A chemical reaction involves the transformation of substances through breaking and forming chemical bonds, resulting in the production of new substances. In the given exercise, we explore two possible reactions involving acids and sodium carbonate. These are described as:

• \( 2 \mathrm{HCl} + \mathrm{Na}_2\mathrm{CO}_3 \rightarrow 2 \mathrm{NaCl} + \mathrm{H}_2\mathrm{O} + \mathrm{CO}_2 \)
• \( \mathrm{H}_2\mathrm{SO}_4 + \mathrm{Na}_2\mathrm{CO}_3 \rightarrow \mathrm{Na}_2\mathrm{SO}_4 + \mathrm{H}_2\mathrm{O} + \mathrm{CO}_2 \)
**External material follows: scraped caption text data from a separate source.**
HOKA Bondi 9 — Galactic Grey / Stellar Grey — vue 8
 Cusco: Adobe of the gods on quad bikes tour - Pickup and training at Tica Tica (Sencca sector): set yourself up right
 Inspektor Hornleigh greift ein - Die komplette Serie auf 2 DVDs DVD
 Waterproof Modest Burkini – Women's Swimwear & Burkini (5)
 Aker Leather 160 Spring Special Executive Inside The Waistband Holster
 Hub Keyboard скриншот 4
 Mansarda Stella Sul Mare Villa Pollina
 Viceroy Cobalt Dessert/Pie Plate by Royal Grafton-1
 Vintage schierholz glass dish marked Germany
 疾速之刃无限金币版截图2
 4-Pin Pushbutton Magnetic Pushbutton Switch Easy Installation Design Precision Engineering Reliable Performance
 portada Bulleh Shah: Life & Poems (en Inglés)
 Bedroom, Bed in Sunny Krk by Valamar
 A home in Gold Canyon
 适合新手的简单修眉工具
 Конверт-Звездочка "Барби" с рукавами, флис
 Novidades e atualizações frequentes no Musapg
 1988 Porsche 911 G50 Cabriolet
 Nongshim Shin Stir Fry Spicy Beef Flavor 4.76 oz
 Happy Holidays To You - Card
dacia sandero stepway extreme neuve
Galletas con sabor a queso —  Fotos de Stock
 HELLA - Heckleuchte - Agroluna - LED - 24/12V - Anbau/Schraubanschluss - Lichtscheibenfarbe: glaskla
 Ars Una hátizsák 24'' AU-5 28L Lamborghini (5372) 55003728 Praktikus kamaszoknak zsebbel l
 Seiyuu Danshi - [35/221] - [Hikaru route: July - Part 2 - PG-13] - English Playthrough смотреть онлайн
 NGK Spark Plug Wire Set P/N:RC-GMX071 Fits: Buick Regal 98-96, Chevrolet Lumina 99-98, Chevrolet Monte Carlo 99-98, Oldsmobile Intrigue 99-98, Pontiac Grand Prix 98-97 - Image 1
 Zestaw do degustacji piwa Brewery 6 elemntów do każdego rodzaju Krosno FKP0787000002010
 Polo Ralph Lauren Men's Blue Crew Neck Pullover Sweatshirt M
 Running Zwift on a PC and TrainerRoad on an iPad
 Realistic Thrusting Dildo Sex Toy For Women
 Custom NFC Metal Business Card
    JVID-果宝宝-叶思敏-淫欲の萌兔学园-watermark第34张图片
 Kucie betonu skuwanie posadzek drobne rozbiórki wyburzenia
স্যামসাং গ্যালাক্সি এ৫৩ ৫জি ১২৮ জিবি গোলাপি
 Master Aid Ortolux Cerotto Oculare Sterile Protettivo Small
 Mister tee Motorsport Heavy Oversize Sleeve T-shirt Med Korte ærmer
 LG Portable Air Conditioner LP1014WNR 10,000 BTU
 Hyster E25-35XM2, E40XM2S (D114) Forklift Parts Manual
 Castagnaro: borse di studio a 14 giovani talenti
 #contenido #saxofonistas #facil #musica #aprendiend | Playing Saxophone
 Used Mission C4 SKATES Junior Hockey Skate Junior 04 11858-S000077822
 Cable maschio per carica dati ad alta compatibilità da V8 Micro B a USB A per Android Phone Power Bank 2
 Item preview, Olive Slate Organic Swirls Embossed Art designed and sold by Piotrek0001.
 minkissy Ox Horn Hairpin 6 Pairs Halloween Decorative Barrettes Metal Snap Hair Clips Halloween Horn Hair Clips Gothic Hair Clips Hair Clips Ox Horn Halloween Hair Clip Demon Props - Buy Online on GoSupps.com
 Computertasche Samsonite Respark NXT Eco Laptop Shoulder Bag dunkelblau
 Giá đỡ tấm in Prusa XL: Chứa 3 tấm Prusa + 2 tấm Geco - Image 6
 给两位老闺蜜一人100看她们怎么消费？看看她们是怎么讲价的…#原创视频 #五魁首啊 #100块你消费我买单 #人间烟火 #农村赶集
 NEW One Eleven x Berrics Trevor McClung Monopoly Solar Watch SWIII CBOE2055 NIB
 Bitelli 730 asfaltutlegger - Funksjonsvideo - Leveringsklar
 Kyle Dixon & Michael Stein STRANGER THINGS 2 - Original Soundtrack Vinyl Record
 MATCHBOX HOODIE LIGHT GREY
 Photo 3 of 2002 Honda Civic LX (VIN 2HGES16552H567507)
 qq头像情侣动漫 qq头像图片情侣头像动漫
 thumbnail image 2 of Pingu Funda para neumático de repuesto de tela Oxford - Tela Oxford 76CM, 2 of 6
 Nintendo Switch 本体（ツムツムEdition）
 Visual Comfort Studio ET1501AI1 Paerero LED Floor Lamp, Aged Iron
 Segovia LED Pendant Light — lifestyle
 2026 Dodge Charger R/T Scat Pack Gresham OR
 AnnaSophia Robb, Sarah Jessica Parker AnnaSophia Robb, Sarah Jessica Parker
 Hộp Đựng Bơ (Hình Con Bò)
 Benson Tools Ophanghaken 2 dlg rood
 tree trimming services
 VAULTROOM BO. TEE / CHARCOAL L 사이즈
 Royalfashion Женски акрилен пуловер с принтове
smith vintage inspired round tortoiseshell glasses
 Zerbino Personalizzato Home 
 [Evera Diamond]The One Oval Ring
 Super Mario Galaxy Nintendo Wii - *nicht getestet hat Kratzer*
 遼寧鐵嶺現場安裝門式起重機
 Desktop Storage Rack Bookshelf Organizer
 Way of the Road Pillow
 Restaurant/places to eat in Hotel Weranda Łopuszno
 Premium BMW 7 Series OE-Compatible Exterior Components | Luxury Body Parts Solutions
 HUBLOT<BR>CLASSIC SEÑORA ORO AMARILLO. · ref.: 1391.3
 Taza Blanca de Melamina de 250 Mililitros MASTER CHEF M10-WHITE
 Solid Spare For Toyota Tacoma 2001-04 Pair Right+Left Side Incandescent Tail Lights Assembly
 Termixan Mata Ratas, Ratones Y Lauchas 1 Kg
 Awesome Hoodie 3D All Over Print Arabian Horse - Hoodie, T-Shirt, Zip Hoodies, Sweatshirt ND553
In each reaction, the acid reacts with sodium carbonate to produce carbon dioxide, water, and a salt. The chemical reaction provides insight into the stoichiometry, which is the quantitative relationship between reactants and products.In stoichiometry, balancing the chemical equation is vital to ensure that the number of atoms for each element is the same on both sides of the reaction. This balance also helps in estimating the amount of reactants needed and predicting the amount of products formed, including \(\mathrm{CO}_2\). Without understanding the concept of a chemical reaction, determining the nature of the acid used would be challenging.

Acid-Base Reaction

An acid-base reaction is a special kind of chemical reaction where an acid reacts with a base, often resulting in the formation of salt and water. In the exercise, we focus on the reaction of an acid with a carbonate base (\(\mathrm{Na}_2\mathrm{CO}_3\)).Key points about acid-base reactions:

• Acids provide hydrogen ions (H\(^+\)).
• Bases often provide hydroxide ions (OH\(^-\)), or react by accepting hydrogen ions.
• Carbonates like \(\mathrm{Na}_2\mathrm{CO}_3\) release \(\mathrm{CO}_2\) gas when they react with acids.

In this problem, the acid (either \(\mathrm{HCl}\) or \(\mathrm{H}_2\mathrm{SO}_4\)) reacts with the base \(\mathrm{Na}_2\mathrm{CO}_3\) to form \(\mathrm{CO}_2\), a common product in such reactions. Understanding this concept helps us predict the products of the reaction and is crucial in determining the unknown acid in the exercise.